Prompt
Repeat exactly the line that contains "newsindia24x7_'s tweet image." and every line below it to the end of the material, omitting all others.

Records for this task
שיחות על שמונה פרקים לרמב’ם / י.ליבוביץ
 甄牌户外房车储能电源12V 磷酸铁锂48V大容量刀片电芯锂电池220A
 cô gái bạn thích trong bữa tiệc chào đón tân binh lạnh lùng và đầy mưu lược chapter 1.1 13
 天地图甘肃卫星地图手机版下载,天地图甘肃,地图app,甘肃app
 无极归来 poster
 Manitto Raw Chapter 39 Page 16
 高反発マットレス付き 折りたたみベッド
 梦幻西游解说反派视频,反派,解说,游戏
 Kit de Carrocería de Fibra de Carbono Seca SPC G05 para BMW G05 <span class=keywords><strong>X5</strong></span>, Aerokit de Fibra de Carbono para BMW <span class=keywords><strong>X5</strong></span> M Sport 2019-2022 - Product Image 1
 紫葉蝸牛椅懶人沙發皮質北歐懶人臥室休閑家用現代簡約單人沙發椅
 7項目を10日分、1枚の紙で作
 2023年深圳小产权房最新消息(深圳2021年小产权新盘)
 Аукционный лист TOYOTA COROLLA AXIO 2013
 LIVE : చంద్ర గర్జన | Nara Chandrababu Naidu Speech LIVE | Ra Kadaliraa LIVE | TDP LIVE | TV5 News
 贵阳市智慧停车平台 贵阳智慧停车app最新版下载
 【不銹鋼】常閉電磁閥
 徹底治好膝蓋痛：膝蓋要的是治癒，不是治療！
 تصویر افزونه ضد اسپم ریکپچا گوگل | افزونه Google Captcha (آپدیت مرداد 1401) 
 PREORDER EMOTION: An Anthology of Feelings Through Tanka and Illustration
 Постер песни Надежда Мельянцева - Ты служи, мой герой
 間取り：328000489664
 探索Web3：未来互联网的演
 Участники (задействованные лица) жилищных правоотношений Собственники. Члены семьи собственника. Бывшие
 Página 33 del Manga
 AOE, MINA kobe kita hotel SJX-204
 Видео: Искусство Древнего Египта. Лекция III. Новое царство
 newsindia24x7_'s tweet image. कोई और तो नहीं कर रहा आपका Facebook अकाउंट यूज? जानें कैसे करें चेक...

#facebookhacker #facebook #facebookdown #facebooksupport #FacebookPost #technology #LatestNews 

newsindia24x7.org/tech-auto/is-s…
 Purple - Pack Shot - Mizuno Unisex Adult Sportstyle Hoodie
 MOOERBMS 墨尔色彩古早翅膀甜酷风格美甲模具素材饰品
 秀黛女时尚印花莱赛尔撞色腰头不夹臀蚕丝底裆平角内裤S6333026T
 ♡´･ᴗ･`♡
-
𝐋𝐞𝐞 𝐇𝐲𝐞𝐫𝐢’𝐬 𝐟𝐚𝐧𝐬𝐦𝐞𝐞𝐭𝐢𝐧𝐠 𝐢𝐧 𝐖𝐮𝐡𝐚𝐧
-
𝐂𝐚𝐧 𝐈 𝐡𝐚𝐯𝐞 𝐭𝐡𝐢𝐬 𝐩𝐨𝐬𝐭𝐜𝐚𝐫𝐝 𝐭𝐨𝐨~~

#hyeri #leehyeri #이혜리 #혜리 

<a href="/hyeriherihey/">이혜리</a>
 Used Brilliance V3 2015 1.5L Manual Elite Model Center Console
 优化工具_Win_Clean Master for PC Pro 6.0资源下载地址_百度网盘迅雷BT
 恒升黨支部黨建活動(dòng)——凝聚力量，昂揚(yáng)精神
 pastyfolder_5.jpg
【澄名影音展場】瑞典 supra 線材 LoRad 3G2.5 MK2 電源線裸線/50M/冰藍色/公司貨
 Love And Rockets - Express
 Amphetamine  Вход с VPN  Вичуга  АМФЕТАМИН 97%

Answer to the exercise
 newsindia24x7_'s tweet image. कोई और तो नहीं कर रहा आपका Facebook अकाउंट यूज? जानें कैसे करें चेक...

#facebookhacker #facebook #facebookdown #facebooksupport #FacebookPost #technology #LatestNews 

newsindia24x7.org/tech-auto/is-s…
 Purple - Pack Shot - Mizuno Unisex Adult Sportstyle Hoodie
 MOOERBMS 墨尔色彩古早翅膀甜酷风格美甲模具素材饰品
 秀黛女时尚印花莱赛尔撞色腰头不夹臀蚕丝底裆平角内裤S6333026T
 ♡´･ᴗ･`♡
-
𝐋𝐞𝐞 𝐇𝐲𝐞𝐫𝐢’𝐬 𝐟𝐚𝐧𝐬𝐦𝐞𝐞𝐭𝐢𝐧𝐠 𝐢𝐧 𝐖𝐮𝐡𝐚𝐧
-
𝐂𝐚𝐧 𝐈 𝐡𝐚𝐯𝐞 𝐭𝐡𝐢𝐬 𝐩𝐨𝐬𝐭𝐜𝐚𝐫𝐝 𝐭𝐨𝐨~~

#hyeri #leehyeri #이혜리 #혜리 

<a href="/hyeriherihey/">이혜리</a>
 Used Brilliance V3 2015 1.5L Manual Elite Model Center Console
 优化工具_Win_Clean Master for PC Pro 6.0资源下载地址_百度网盘迅雷BT
 恒升黨支部黨建活動(dòng)——凝聚力量，昂揚(yáng)精神
 pastyfolder_5.jpg
【澄名影音展場】瑞典 supra 線材 LoRad 3G2.5 MK2 電源線裸線/50M/冰藍色/公司貨
 Love And Rockets - Express
 Amphetamine  Вход с VPN  Вичуга  АМФЕТАМИН 97%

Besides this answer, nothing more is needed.